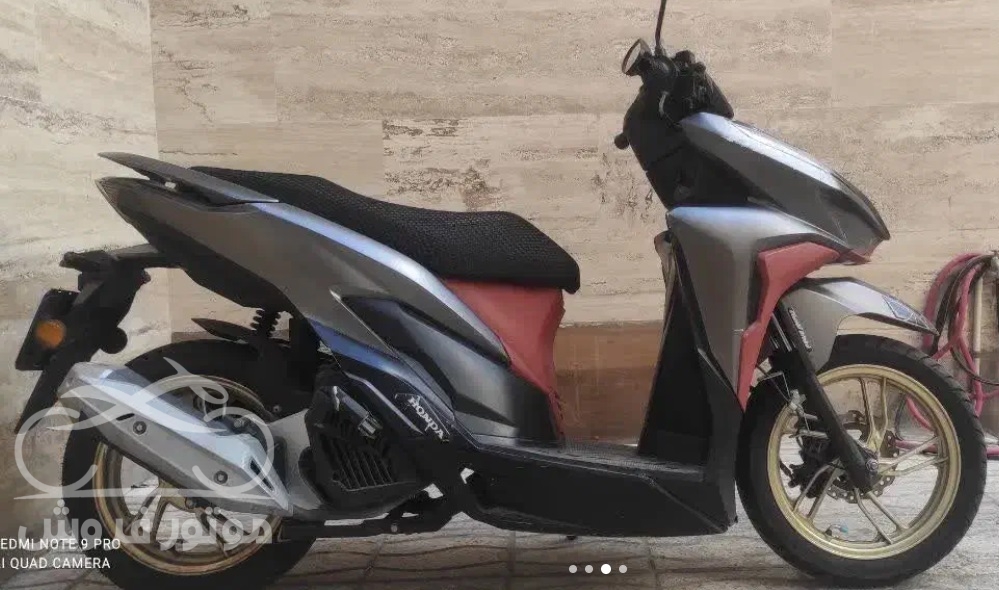 فروش موتور سیکلت هوندا کلیک 150 در زنجان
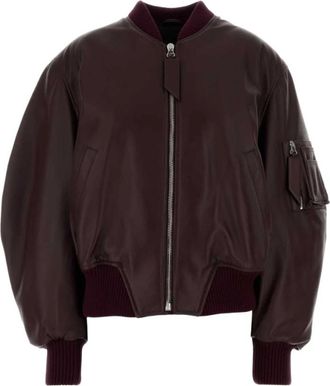 The Attico THE Attico Jassen - Dames - Bomber jackets - Rood - 2XS - Jassen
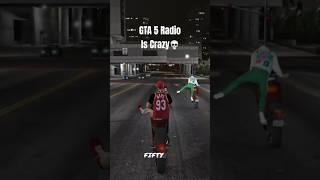 GTA 5 Radio Is Wild #gtaradio #nonstoppopfm #gta5radio #nonstopcarafm #gtaonline #shorts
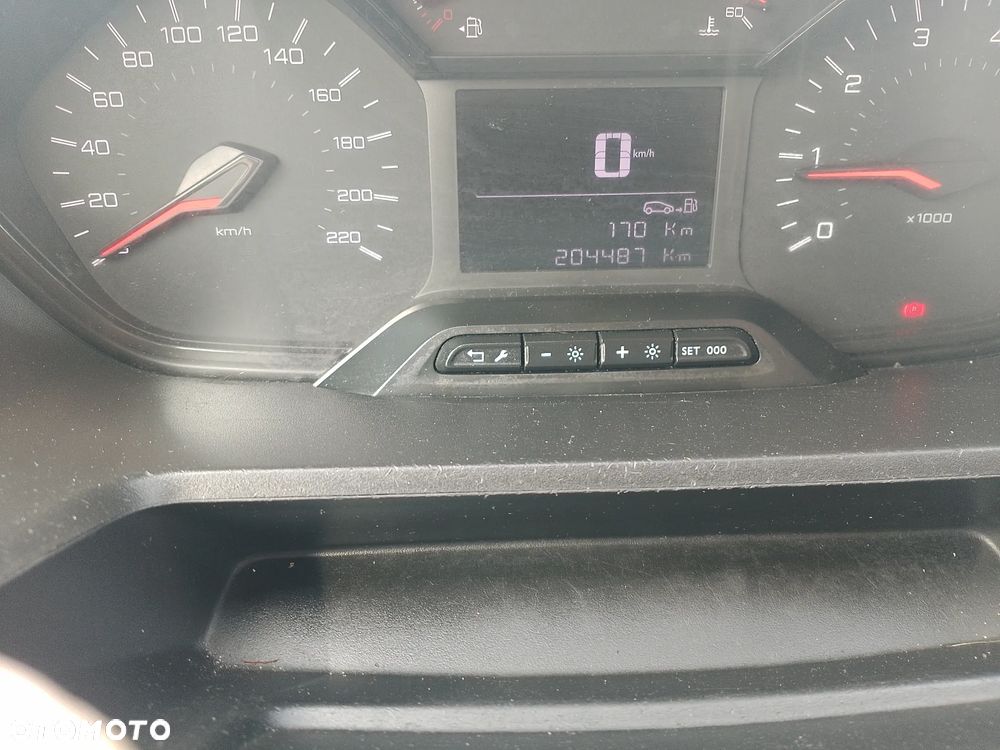 Peugeot Partner Proace Berlingo Combo Doblo L2 Izoterma Chłodnia Salon PL półka Inox 3 osoby - 28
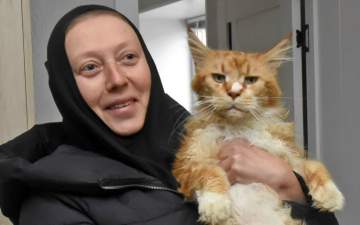 Монахиня, которая спасла тысячи кошек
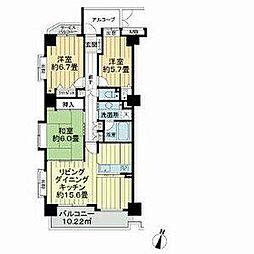 プリンスハイツ庄内緑地公園 901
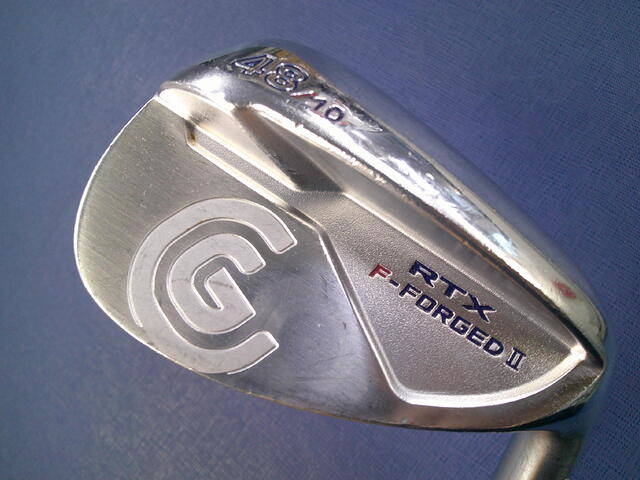 中古ゴルフ RTX F-FORGED II 48゜-10の写真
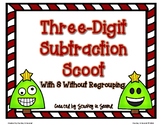 Three Digit Subtraction SCOOT (With & Without Regrouping)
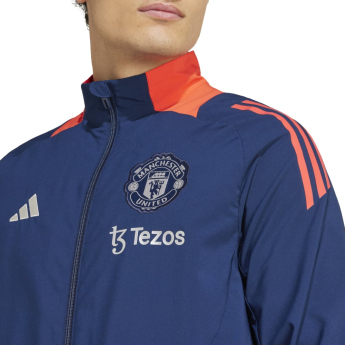 Manchester United geacă de bărbați Presentation indigo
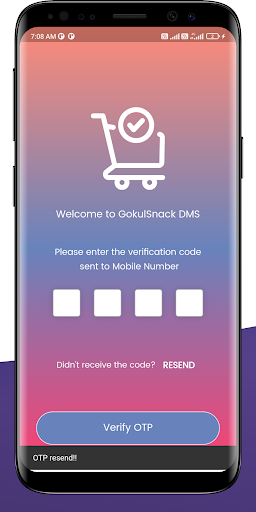 Gokul Snacks DMS Screen 2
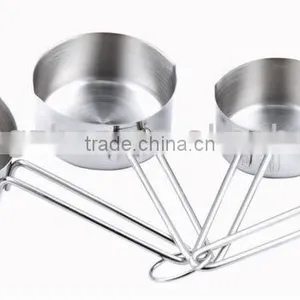 4pcs Stainless Steel Measuring Cups and Spoons thumbnail-1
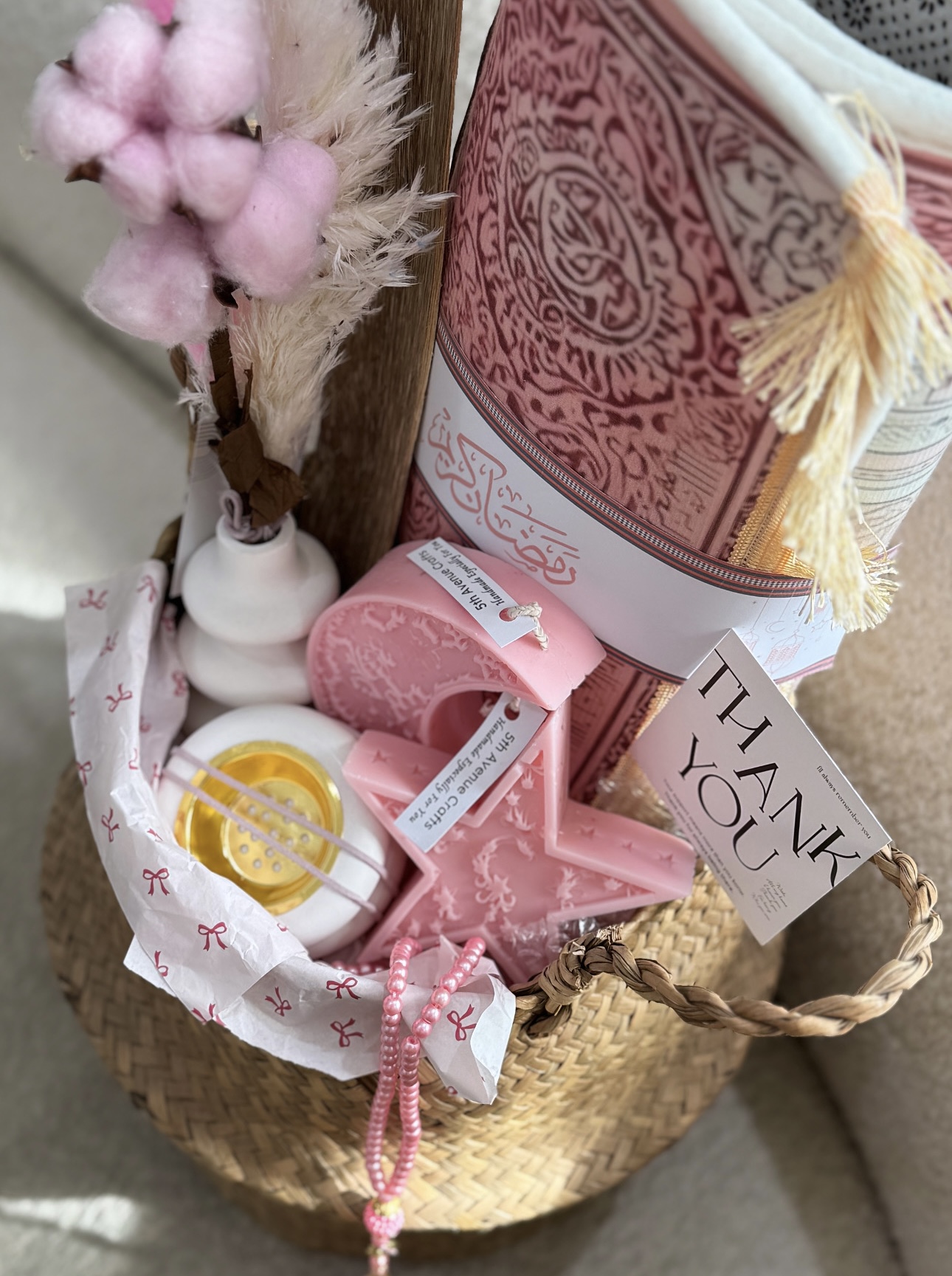 Pink Ramadan gift box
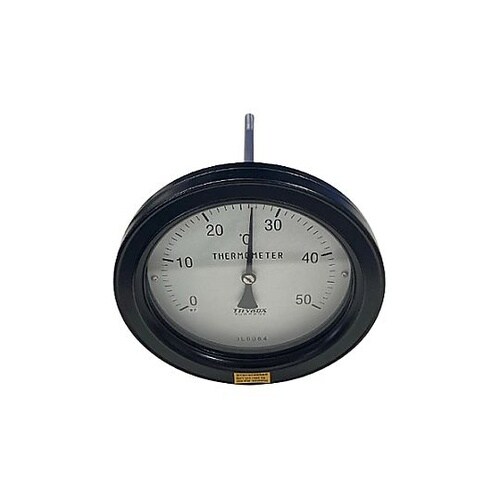 バイメタル式温度計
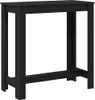 A black bar table is shown against a white background. Produktbild-Vorschau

- - - - -

### TASK DETAILS
From the line containing "Peugeot Partner Proace" down to the final line of the material above, reproduce each line exactly and include no images.

### ANSWER FOR THE TASK
 Peugeot Partner Proace Berlingo Combo Doblo L2 Izoterma Chłodnia Salon PL półka Inox 3 osoby - 28
 Монахиня, которая спасла тысячи кошек
 プリンスハイツ庄内緑地公園 901
 中古ゴルフ RTX F-FORGED II 48゜-10の写真
 Three Digit Subtraction SCOOT (With & Without Regrouping)
 Manchester United geacă de bărbați Presentation indigo
 Gokul Snacks DMS Screen 2
 4pcs Stainless Steel Measuring Cups and Spoons thumbnail-1
 Pink Ramadan gift box
 バイメタル式温度計
 A black bar table is shown against a white background. Produktbild-Vorschau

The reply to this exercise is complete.